■ WHAT THE TASK ASKS:
What lines of the data hold the string "Chinese"? Copy them all.

■ DATA UNDER STUDY:
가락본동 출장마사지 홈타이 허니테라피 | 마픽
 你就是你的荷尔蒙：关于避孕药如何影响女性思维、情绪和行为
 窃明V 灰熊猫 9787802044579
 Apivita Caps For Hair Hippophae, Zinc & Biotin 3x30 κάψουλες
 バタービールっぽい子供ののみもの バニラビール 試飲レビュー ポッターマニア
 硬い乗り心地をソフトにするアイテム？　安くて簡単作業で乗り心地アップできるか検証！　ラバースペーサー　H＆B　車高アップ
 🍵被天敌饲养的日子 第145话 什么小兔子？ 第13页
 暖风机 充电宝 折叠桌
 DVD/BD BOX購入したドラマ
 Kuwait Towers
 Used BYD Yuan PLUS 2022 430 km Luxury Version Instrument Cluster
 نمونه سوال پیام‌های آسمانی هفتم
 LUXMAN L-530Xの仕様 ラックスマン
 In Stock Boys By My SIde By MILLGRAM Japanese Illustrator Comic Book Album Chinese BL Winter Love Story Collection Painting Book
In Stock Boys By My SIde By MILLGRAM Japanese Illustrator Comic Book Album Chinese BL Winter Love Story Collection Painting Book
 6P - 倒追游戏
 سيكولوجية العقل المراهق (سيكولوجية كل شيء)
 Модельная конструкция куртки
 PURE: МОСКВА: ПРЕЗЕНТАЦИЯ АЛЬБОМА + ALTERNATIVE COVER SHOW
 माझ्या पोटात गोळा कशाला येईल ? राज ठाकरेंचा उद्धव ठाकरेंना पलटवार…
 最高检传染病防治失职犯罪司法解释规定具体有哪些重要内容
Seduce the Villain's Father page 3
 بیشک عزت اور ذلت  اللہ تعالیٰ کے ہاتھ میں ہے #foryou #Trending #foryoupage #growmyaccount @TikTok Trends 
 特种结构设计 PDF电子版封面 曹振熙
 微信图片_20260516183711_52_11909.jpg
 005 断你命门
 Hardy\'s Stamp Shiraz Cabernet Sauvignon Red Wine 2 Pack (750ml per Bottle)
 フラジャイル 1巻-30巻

■ YOUR RESPONSE:
 In Stock Boys By My SIde By MILLGRAM Japanese Illustrator Comic Book Album Chinese BL Winter Love Story Collection Painting Book
In Stock Boys By My SIde By MILLGRAM Japanese Illustrator Comic Book Album Chinese BL Winter Love Story Collection Painting Book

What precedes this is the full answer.